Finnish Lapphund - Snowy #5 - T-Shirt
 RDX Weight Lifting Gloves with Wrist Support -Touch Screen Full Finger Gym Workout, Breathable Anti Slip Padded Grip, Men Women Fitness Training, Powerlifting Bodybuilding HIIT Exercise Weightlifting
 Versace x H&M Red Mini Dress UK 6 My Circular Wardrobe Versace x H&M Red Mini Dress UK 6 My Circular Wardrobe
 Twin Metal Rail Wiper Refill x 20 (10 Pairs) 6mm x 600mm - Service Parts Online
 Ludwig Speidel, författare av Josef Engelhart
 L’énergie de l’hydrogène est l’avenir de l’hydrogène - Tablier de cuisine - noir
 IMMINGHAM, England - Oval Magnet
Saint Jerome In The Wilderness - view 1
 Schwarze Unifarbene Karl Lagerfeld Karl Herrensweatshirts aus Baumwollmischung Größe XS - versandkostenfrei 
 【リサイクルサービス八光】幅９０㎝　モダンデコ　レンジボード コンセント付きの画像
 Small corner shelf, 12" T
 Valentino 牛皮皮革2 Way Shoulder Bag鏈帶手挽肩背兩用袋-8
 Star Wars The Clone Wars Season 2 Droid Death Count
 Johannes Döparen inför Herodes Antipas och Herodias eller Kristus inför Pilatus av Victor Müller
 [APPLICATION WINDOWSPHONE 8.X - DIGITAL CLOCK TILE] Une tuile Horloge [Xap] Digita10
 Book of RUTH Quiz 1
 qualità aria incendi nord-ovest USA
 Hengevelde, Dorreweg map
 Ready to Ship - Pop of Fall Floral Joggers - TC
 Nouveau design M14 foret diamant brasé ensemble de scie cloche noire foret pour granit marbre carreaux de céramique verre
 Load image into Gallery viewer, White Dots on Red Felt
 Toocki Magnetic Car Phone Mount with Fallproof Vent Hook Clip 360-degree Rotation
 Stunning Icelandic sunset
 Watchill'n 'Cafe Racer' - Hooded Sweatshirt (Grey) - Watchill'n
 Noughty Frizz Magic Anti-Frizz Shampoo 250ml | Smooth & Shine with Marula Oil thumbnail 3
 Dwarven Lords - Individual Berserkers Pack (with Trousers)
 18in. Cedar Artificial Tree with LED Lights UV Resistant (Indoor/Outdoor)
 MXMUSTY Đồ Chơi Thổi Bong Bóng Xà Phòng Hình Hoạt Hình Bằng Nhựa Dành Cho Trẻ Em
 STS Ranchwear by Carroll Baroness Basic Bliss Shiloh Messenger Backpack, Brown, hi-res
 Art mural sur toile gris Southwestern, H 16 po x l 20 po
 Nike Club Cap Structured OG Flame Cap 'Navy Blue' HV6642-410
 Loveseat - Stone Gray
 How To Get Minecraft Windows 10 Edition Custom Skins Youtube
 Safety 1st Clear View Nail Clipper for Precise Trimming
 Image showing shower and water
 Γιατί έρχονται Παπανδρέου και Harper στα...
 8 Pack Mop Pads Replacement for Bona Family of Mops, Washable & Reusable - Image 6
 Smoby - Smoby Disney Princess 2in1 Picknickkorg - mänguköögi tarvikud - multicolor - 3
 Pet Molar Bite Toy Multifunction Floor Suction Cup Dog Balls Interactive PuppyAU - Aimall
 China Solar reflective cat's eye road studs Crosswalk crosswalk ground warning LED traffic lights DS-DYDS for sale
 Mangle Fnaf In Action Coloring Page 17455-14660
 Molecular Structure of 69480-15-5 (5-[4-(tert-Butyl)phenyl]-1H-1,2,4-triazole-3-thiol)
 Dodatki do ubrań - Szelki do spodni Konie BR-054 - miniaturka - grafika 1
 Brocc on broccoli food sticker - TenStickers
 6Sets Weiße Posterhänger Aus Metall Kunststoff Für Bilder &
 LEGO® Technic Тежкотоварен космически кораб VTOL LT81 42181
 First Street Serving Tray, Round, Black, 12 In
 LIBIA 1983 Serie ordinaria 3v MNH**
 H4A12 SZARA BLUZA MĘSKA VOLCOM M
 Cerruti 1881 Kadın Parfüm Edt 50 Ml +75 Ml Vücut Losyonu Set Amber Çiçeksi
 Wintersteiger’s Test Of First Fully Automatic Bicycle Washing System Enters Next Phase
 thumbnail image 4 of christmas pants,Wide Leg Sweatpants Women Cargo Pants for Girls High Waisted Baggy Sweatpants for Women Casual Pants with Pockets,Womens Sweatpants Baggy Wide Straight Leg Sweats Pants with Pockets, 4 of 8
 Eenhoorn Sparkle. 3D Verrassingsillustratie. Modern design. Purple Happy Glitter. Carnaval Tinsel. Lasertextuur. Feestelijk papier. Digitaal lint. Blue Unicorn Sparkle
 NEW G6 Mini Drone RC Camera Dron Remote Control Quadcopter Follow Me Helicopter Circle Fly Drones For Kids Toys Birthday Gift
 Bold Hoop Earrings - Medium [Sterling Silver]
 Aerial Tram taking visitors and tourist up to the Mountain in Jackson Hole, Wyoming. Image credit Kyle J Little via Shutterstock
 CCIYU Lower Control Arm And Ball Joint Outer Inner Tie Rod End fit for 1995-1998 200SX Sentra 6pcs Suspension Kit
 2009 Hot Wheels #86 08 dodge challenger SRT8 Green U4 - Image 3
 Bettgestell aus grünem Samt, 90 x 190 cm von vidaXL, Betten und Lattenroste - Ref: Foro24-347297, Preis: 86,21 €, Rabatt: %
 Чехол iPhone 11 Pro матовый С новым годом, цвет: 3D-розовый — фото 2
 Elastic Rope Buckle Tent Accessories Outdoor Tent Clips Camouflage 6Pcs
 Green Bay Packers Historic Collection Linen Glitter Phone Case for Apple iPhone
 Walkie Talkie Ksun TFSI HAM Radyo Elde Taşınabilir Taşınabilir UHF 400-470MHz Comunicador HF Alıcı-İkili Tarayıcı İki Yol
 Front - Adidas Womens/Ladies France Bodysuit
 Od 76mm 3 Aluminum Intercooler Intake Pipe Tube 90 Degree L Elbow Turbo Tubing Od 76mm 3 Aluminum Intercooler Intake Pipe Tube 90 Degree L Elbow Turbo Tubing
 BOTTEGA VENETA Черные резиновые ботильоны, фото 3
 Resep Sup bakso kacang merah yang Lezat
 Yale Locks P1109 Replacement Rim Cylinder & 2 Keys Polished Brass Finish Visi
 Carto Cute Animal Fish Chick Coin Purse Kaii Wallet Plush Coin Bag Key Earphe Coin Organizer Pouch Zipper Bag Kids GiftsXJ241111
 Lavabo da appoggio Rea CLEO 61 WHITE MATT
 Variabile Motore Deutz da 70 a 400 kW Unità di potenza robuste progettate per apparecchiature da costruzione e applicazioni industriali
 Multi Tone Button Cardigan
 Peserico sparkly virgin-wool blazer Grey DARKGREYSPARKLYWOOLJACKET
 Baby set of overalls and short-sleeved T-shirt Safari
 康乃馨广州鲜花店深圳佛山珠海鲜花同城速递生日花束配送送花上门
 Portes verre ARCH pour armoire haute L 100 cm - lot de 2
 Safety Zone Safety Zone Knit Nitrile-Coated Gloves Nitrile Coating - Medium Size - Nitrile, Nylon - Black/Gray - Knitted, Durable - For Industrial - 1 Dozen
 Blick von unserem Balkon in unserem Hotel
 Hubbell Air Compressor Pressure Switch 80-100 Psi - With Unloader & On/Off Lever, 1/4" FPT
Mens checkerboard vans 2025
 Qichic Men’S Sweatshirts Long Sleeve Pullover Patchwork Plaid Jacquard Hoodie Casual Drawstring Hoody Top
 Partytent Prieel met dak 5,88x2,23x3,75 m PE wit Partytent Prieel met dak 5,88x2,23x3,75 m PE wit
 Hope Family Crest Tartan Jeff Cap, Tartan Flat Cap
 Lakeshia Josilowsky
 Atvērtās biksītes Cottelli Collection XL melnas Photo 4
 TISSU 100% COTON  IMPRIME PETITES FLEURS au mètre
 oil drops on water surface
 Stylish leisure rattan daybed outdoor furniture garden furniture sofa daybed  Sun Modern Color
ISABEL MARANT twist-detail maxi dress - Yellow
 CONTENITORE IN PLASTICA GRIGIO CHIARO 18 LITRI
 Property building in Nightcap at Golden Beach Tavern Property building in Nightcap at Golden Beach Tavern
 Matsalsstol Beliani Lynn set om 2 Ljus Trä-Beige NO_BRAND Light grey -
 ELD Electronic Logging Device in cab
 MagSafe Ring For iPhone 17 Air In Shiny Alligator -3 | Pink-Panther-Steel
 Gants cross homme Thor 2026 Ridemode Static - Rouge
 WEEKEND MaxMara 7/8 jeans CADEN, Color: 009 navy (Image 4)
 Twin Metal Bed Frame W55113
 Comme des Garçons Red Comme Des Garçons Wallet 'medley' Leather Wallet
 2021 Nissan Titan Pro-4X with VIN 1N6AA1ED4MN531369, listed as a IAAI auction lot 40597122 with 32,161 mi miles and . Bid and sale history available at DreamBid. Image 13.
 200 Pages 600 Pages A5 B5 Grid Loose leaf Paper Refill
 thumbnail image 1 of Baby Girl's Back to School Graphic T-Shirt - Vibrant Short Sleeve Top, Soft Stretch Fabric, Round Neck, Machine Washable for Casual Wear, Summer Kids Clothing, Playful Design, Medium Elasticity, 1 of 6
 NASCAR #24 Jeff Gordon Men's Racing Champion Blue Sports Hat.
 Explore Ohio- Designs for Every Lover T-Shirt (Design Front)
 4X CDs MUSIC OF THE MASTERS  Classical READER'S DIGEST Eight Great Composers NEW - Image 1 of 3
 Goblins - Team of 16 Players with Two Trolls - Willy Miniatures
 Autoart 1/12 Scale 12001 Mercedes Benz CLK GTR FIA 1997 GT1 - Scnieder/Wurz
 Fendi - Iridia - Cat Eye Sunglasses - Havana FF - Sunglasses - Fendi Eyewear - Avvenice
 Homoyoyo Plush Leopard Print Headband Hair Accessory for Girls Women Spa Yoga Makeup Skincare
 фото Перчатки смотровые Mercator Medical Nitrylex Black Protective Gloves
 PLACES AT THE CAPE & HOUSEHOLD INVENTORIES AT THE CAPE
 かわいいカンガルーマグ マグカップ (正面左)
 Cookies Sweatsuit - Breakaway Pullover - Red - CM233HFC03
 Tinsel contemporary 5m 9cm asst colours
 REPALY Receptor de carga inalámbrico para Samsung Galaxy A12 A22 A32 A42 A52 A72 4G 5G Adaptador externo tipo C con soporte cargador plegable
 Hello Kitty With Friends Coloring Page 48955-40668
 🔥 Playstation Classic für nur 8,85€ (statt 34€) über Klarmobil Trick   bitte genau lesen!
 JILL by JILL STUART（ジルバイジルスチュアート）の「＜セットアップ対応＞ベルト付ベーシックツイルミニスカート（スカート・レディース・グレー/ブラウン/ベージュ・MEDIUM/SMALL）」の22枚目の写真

• _WORK TASK_:
Working from the records above, write out verbatim only the lines from the line containing "18in. Cedar Artificial" through the line containing "Eenhoorn Sparkle. 3D".

• _SOLUTION TO THIS EXERCISE_:
 18in. Cedar Artificial Tree with LED Lights UV Resistant (Indoor/Outdoor)
 MXMUSTY Đồ Chơi Thổi Bong Bóng Xà Phòng Hình Hoạt Hình Bằng Nhựa Dành Cho Trẻ Em
 STS Ranchwear by Carroll Baroness Basic Bliss Shiloh Messenger Backpack, Brown, hi-res
 Art mural sur toile gris Southwestern, H 16 po x l 20 po
 Nike Club Cap Structured OG Flame Cap 'Navy Blue' HV6642-410
 Loveseat - Stone Gray
 How To Get Minecraft Windows 10 Edition Custom Skins Youtube
 Safety 1st Clear View Nail Clipper for Precise Trimming
 Image showing shower and water
 Γιατί έρχονται Παπανδρέου και Harper στα...
 8 Pack Mop Pads Replacement for Bona Family of Mops, Washable & Reusable - Image 6
 Smoby - Smoby Disney Princess 2in1 Picknickkorg - mänguköögi tarvikud - multicolor - 3
 Pet Molar Bite Toy Multifunction Floor Suction Cup Dog Balls Interactive PuppyAU - Aimall
 China Solar reflective cat's eye road studs Crosswalk crosswalk ground warning LED traffic lights DS-DYDS for sale
 Mangle Fnaf In Action Coloring Page 17455-14660
 Molecular Structure of 69480-15-5 (5-[4-(tert-Butyl)phenyl]-1H-1,2,4-triazole-3-thiol)
 Dodatki do ubrań - Szelki do spodni Konie BR-054 - miniaturka - grafika 1
 Brocc on broccoli food sticker - TenStickers
 6Sets Weiße Posterhänger Aus Metall Kunststoff Für Bilder &
 LEGO® Technic Тежкотоварен космически кораб VTOL LT81 42181
 First Street Serving Tray, Round, Black, 12 In
 LIBIA 1983 Serie ordinaria 3v MNH**
 H4A12 SZARA BLUZA MĘSKA VOLCOM M
 Cerruti 1881 Kadın Parfüm Edt 50 Ml +75 Ml Vücut Losyonu Set Amber Çiçeksi
 Wintersteiger’s Test Of First Fully Automatic Bicycle Washing System Enters Next Phase
 thumbnail image 4 of christmas pants,Wide Leg Sweatpants Women Cargo Pants for Girls High Waisted Baggy Sweatpants for Women Casual Pants with Pockets,Womens Sweatpants Baggy Wide Straight Leg Sweats Pants with Pockets, 4 of 8
 Eenhoorn Sparkle. 3D Verrassingsillustratie. Modern design. Purple Happy Glitter. Carnaval Tinsel. Lasertextuur. Feestelijk papier. Digitaal lint. Blue Unicorn Sparkle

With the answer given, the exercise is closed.